Una palabra buena para todos

“La Voz de San Justo” – Domingo 18 de diciembre de 2016

Cuando, en la tarde de Navidad, los cristianos nos reunamos para celebrar la Eucaristía, mirando el pesebre, vamos a escuchar la solemne confesión del Evangelio según San Juan: «Y el Verbo de Dios se hizo carne, y puso su morada entre nosotros…» (Jn 1,14).

Dios nos ofrece su Palabra para iniciar un diálogo que desemboque en un encuentro de amistad con el ser humano.

Creo que sería muy oportuno mirar la Navidad desde esta perspectiva: Dios viene a nuestro encuentro, entra en nuestra historia para decirnos una palabra buena que abra un diálogo.

Todos experimentamos lo difícil que se ha vuelto dialogar, en todos los niveles.

La Iglesia que constantemente está invitando a todos a dialogar, experimenta también en su interior fuertes resistencias a un diálogo franco y abierto. No son extrañas actitudes de cerrazón, de empecinamiento en las propias posiciones, de incapacidad de comprender lo que el otro siente, cómo vive e interpreta la vida.

No es extraño que una misma palabra tenga significados y resonancias diversas en quienes la pronuncian. Y no hablemos de los gritos, insultos y otras lindezas que hacen que la vida ciudadana se parezca más a una batalla campal en medio de la oscuridad: todos contra todos.

Por eso, contemplar lo que Dios ha hecho en Navidad, puede ayudarnos a recuperar algunas actitudes fundamentales para generar espacios de encuentro un poco más humanos. Repaso, a continuación, algunas de estas actitudes.

Ante todo, caer en la cuenta que todos tenemos algo para decir. Pero algo bueno, verdadero y positivo para ofrecer a los demás.

A renglón seguido, es bueno pensar que los demás, especialmente quienes están más distanciados de mí, también tienen algo para ofrecerme. Es bueno y saludable pensar que la verdad no es posesión exclusiva de nadie, sino que la Verdad con mayúsculas es precisamente un espacio generoso en el que todos podemos encontrarnos, respirando juntos su el aire más puro y limpio.

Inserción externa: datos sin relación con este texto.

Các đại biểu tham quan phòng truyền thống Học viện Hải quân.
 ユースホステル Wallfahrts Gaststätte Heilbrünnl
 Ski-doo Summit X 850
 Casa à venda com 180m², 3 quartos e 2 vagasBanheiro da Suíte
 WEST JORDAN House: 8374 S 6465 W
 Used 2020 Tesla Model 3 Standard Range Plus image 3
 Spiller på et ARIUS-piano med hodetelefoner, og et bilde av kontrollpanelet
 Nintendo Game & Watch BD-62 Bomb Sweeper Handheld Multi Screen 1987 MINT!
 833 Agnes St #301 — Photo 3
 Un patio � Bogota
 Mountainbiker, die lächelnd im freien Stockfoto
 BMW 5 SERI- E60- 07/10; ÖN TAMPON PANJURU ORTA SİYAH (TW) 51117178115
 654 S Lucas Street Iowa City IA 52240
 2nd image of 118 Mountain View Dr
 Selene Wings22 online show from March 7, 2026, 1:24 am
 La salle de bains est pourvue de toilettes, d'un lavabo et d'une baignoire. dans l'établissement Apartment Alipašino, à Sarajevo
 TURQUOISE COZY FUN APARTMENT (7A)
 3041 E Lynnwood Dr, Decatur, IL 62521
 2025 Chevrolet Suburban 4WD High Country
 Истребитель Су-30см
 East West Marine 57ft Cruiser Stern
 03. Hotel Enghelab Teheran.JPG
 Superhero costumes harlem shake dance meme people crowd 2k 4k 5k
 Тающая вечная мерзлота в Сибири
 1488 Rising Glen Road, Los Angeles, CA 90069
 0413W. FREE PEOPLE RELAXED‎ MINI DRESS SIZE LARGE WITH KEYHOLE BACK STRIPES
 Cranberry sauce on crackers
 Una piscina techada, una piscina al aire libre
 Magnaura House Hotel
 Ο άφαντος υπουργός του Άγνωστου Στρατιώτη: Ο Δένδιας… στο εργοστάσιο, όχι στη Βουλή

Por eso, otra actitud fundamental es entrenarse en la capacidad real de escuchar al otro distinto de mí. No solo la materialidad de sus palabras que llegan a los oídos, sino de entrar, a través de ellas, en la profundidad de un corazón tan humano como el mío. De comprender que ilusiones, anhelos y también heridas están allí latiendo y pujando por salir y hacerse comprender.

Para ello, es fundamental hacer el ejercicio nada sencillo de intentar ponerse en el lugar del otro. Es cierto: cada persona es intransferible y nadie puede ocupar su lugar de manera absoluta. Pero no es menos cierto que solo el hombre puede entender y amar, y eso significa ese doble movimiento de salir de sí para traer dentro de cada uno al otro para entender y comprender su misterio.

Eso es lo que los cristianos reconocemos que ha hecho Dios en la encarnación y el nacimiento de su Hijo único: ha querido ver la vida desde la óptica de los hombres, desde sus luchas, fragilidades y oscuridades. Y así nos ha salvado y nos ha ofrecido un horizonte de esperanza.